Oggi siamo diventati devoti della dea Pace e della dea Umanità perché non siamo più noi in grado a dover sopportare il peso della difesa, né siamo più in grado di condizionare gli eventi e le relazioni internazionali . Nel dibattito seguito in questo anno ,taluni hanno parlato della Grande Guerra come di “una strage inutile”. Non fu inutile perché allora tutte le guerre risorgimentali dovrebbero essere considerate inutili, mentre la “nazionalità d’Italia era incompleta”. Per le grandi potenze dominanti, soprattutto gli imperi centrali, nel 1913, noi saremmo diventati vassalli e per non diventare vassalli e minacciati politicamente, occorreva la dura necessità di schierarci da quella parte della bilancia che avrebbe potuto evitare un’unità faticosamente conquistata. Non possiamo, quindi, giudicare con i criteri attuali un contesto storico diverso dal presente.

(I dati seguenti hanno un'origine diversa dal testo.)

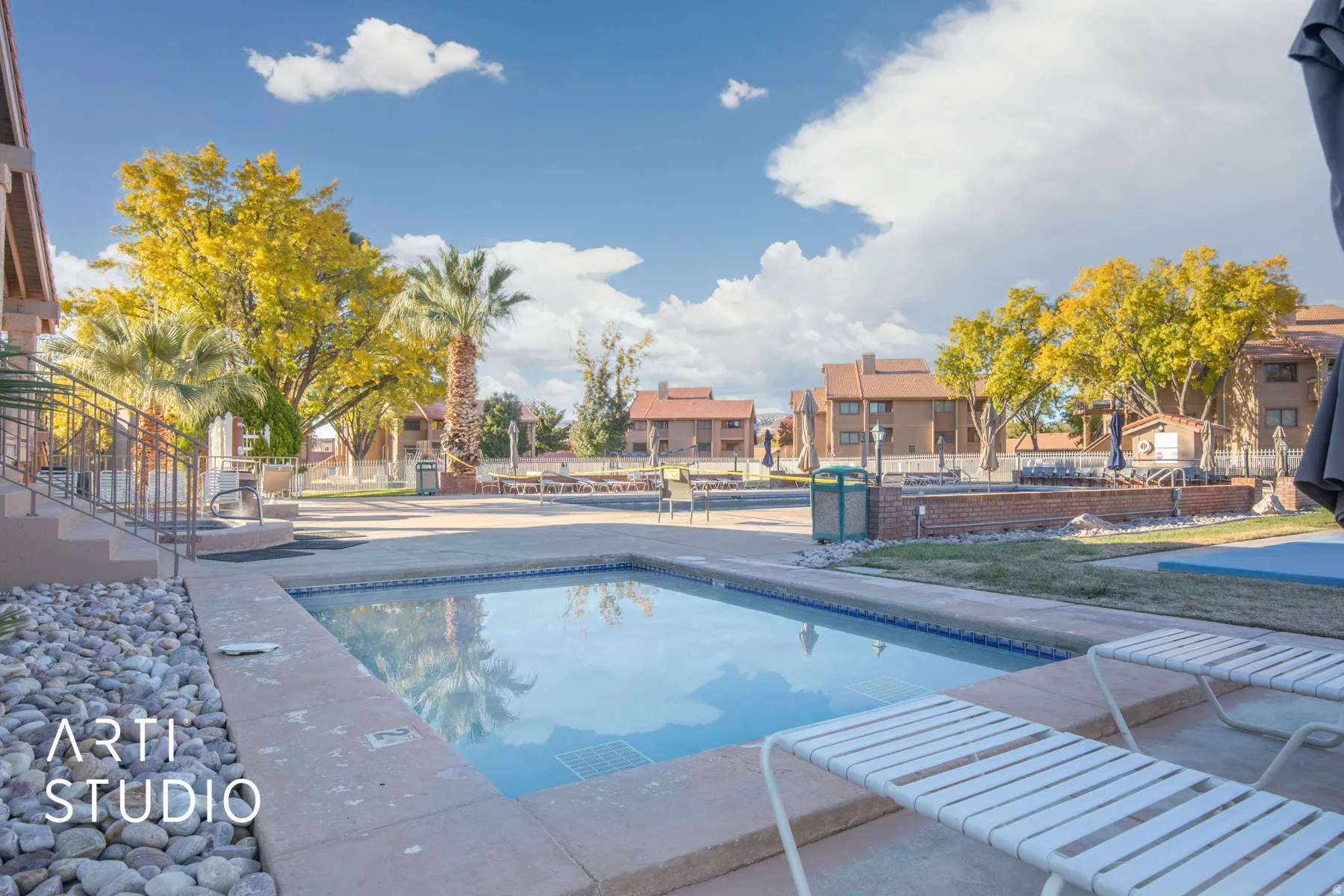 Community pool featuring a residential view and a patio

Una guerra vicina – da non dimenticare
24 maggio 1915
La grande Guerra è stata una guerra di eroi. E’ vicinissima a noi. Ogni paese ha strade, monumenti che ricordano un conflitto devastante più dell’ultima guerra 1940 – 1945.
Un fronte lunghissimo di seicento km. Dal 1915 al 1918, l’Italia mobilitò quasi sei milioni di soldati e alla fine della guerra i caduti furono più di 600.000, di cui circa 100.000 nei campi di concentramento austro – ungarici.
Ai fini della riscossa italiana risultò, senz’altro decisivo, il cambiamento nella direzione politica e militare del paese: il giurista siciliano Orlando al governo, e Armando Diaz al comando supremo.
La sostituzione di Luigi Cadorna segnò l’avvio di una nuova gestione dell’esercito perché il Comandante Cadorna aveva ignorato completamente i problemi morali e materiali dei suoi uomini che, considerati semplice “carne da cannone”, erano sottoposti ad un rigido regime repressivo.
Alla fine del conflitto, nell’agosto del 1919, la commissione d’inchiesta sui fatti di Caporetto divulgò una relazione finale che riconosceva i gravi errori commessi dai vertici militari dell’esercito ed in particolare dal generale Cadorna.
Nella toponomastica castelmassese, quindi, troviamo: Via Cesare Battisti, Via Fabio Filzi, Via Nazario Sauro Via Guglielmo Oberdan, Piazza Vittorio Veneto, Viale Fattori ex viale delle Rimembranze e il Monumento ai Caduti.
A Castelmassa il Monumento ai Caduti venne inaugurato il 4 ottobre 1925
Piazza Vittorio Veneto
Nomi, percorsi, manufatti che, forse, distrattamente, guardiamo senza pensare , a distanza di cent’anni, quanto quei nomi abbiano contribuito, con sofferenze e sacrifici, all’Unità d’Italia.
Tracce indelebili. Una sorta di stradario sentimentale che non va dimenticato, ma letto, guardato con rispetto e forse commozione .
Infatti, da Nord a Sud non c’è paese, città che non abbia il suo eroe, piccolo, non da grandi imprese, ma pur sempre un eroe per quanto le narrazioni ci hanno tramandato.
La guerra vera, infatti, nella sua cruda realtà, ci viene consegnata non dai libri di testo con pagine zeppe di alleanze e intese, sequenze di date, battaglie perse e vinte, ma prive dell’umanità dolente di chi, solo, l’ha vissuta e fissata nei diari.
Ufficiali e soldati scrissero pensieri, riflessioni, critiche, slanci patriottici che riflettevano l’andamento della guerra come pensieri per rielaborare le sofferenze di quegli anni e che oggi, riemersi, costituiscono importanti frammenti di memoria vera, non retorica per comprendere meglio il grande racconto di un evento epocale che ha cambiato per sempre la fisionomia fisica e sociale non solo dell’Italia, ma dell’Europa.